There was Constance Kent, a pretty adolescent looking a bit like the young Princess Anne, turning her profile before the camera with a winsome smile. She wore a stylish brimmed bonnet that curled over the chignon at the nape of her neck, and her girlish figure was shrouded beneath the folds of a tentlike duster coat. Was that before the murder? Difficult to determine her age from that one surviving photograph, but it was a pleasant face, seeming both sensitive and intelligent.

Elizabeth thought of the surly pouts on the faces of other murderesses she had studied: Lizzie Borden with her goose-berry eyes and her pugnacious sneer; the vacant stare of husband-poisoner Adelaide Bartlett; the tight-lipped scowl of Glasgow’s Madeleine Smith, who dosed her lover with arsenic. The shy smile of Constance Kent looked out of place among the faces of these older, harder women. Yet all of them had been acquitted (wrongly, Elizabeth was sure), and little Constance had been sent to prison.

What had happened at Road Hill House, a few miles south of Bath, on the night of June 29, 1860?

Elizabeth searched the sources for a list of the occupants of the house on that fatal night. Constance was there, of course. She was sixteen years old, living with her father Samuel and his new wife, the former governess Mary Pratt. There was a new young governess now, Elizabeth Gough, who took care of Mr. Kent’s children by his second wife: Amelia, five; Francis, three and one half; and the baby Eveline. There were also three older children, Constance’s full siblings, who slept on the third floor of the house, as did Constance, the cook, and the maid.

“That shows you where they stood in the pecking order,” Elizabeth muttered, noting down the locations of the rooms. The small children slept in the second-floor nursery with Miss Gough.

On the morning of June 30, 1860, Elizabeth Gough awakened at seven to find that the little boy was missing from his bed. When she knocked at his parents’ door to ask if Mrs. Kent had taken the child during the night, she was told that the Kents had not seen the child since his bedtime the night before. Mrs. Kent was angry with the distraught nursemaid. Mr. Kent lay in bed with his eyes closed, silent but not asleep.

The search was on.

The older Kent daughters came down from their rooms and two of them became quite upset at the news that their half brother was missing. Constance, however, stood silently composed. The third-floor sleepers all maintained that they had slept through the night without hearing any disturbance, but the maid did recall that when she had gone downstairs at five that morning a window was open, and the door was ajar.

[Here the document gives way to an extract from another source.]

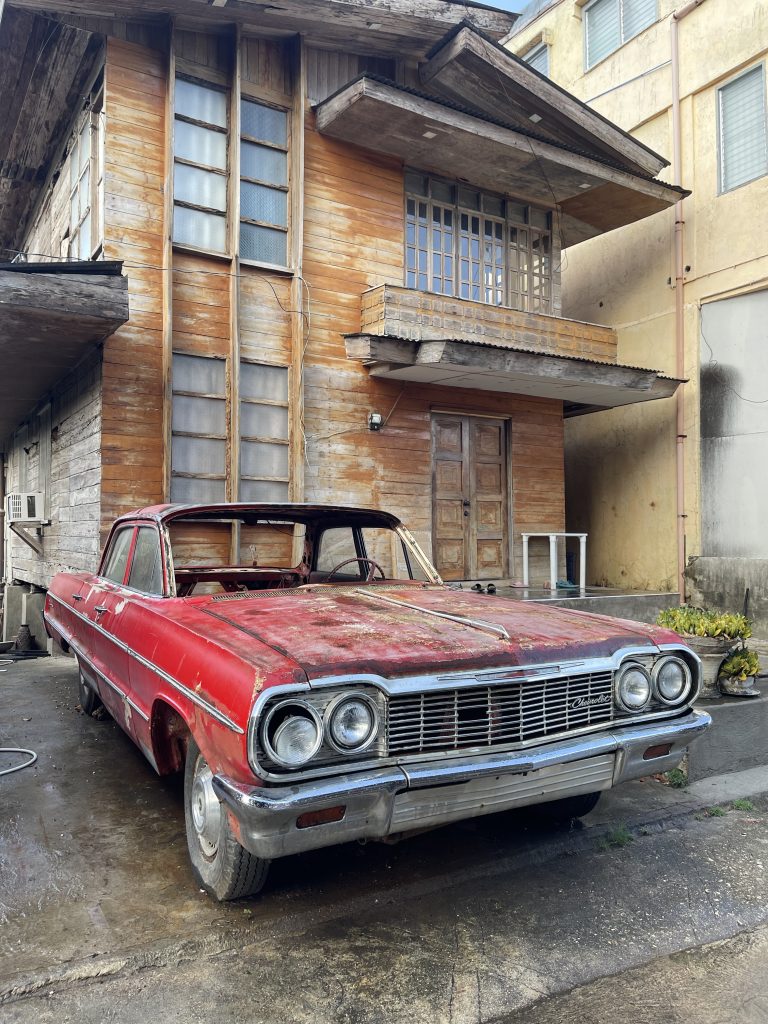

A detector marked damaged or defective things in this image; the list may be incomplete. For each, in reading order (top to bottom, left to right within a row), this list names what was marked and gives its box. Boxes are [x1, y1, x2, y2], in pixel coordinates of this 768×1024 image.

rusty car hood [195, 585, 675, 679]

“I wonder if she was the suggestible type,” Elizabeth mused. “Next she’ll be claiming she saw tramps lurking around the grounds.”

When a search of the house failed to turn up the missing child, Mr. Kent finally got up, called for his pony and trap, and set off to inform the police. Elizabeth pictured Samuel Kent, a pompous and selfish man of fifty-nine, enraged at this domestic upheaval that inconvenienced him, and perhaps terrified at the prospect of having lost his son. He was a lavish spender, eager to impress the world with his fine horses and fashionable clothes, but his squandering left the house short-staffed and sometimes created hardships for his family. Servants kept leaving because he worked them too hard and paid too little.

“Apparently the governess did double duty,” drawled Elizabeth, thinking of Kent’s hasty marriage to twenty-one-year-old Mary Pratt after the death of his first wife.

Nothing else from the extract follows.